The effect of the interventions are indicated by the fall of ℛt < 1 in April, where the number of new cases dropped from 350 to 20 cases per day, as shown by Figure 6.
As the quarantine related policy is lifted in the beginning of June after a slow rate of infection (ℛt < 1) for three months, there has been a rise in the number of positive cases. This makes the Australian Government applies the policy softer in order to prevent not only higher cases in the second wave but also reducing a long-term impact to other than health sector. Australia TI by 27 July was 62% and its short-term projection shows that the active cases will increase sharply if there is no further interventions. The number of recovered and deceased cases will increase in the next 90. The short-term projection is shown in Figure 7.
3.3. Denmark
Denmark confirmed its first case on 27 of February, when a man who had been skiing in Lombardy in Italy returned to Denmark. Denmark introduced lock-down on 13 of March, by ordering people who are working in non-essential functions in the public sector to stay at home for two weeks. Furthermore, kindergarten, primary and secondary schools, universities, libraries, indoor cultural institutions and similar places were closed. Assemble more than ten people in public became illegal.
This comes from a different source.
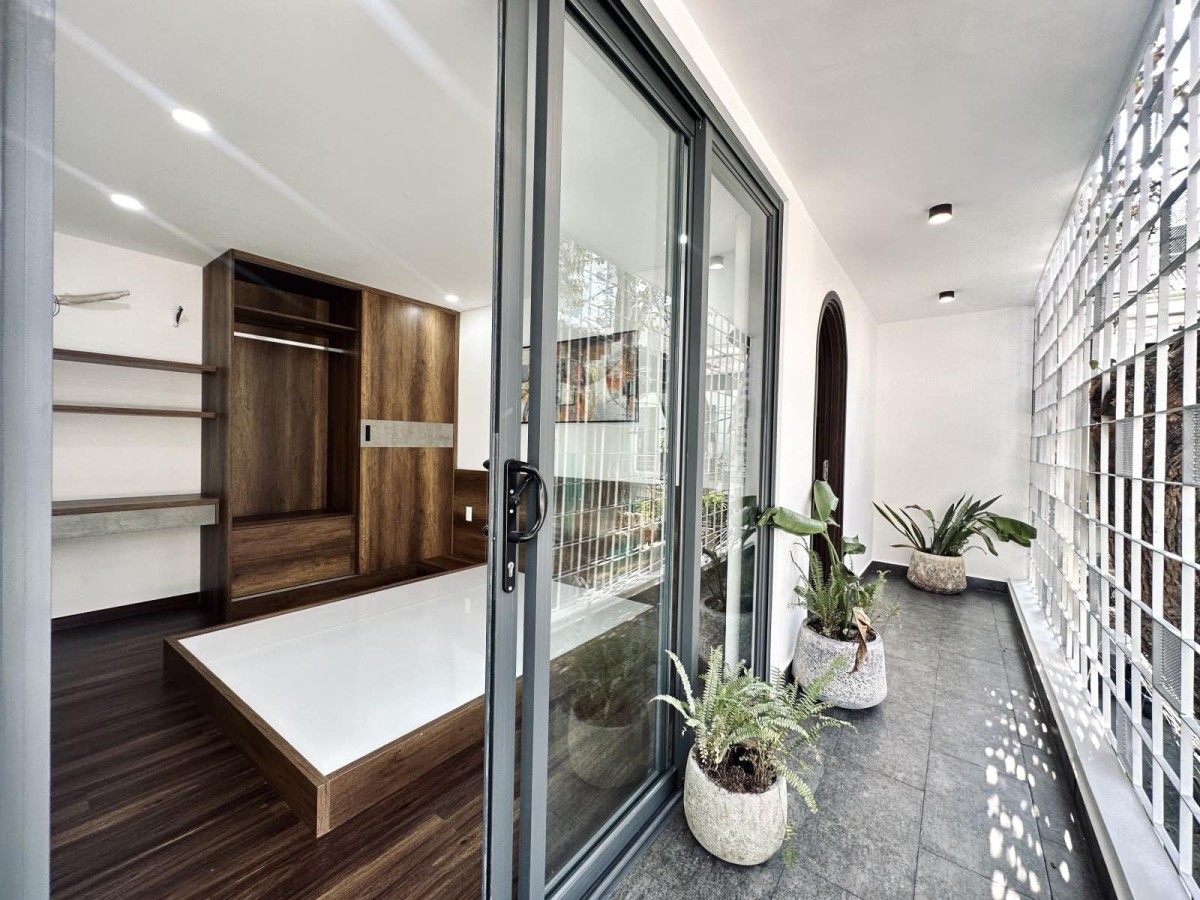 Gấp bán nhà Nguyễn Khuyến, Bình Thạnh, 3 tầng, 4 phòng ngủ, full nội thất mới 100% giá 6.x Tỷ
The effect of the lock-down can be observed after three weeks, when ℛt < 1. A very slow and gradual reopening has been initiated on 15 of April, by opening nurseries, kindergartens, and primary schools, However, the government will re-enforce lock-down if there are indications that the number of infections increases too fast. Universities are open only for employees, while all courses will be given online. At the end of July, there is an increase in the number of infected people, possibly due to the summer holiday. However, the government has not enforced any restriction.
Denmark TI by 27 July was 20%. A short-term projection shows the number of active cases will steady under the current measures. The number of recovered individuals will increase, while the number of death will decrease significantly.
4. Conclusion
We present a data-driven approach for modeling and forecasting of COVID-19 outbreak for public policy making. The method relies on the quality of the data. Thus, the the estimated ℛt and the forecast results need to be carefully interpreted when the number of testing is not sufficient. By estimating the Transmission Index (TI), our approach can be used for short to medium terms forecast based on policy to be taken by the decision makers. The forecast can be used to predict the course of COVID-19 including a probability of the upcoming second wave. Simulation results using data from three countries show our approach gives reasonable forecasts.
Data Availability
Link to data and codes is written in the article.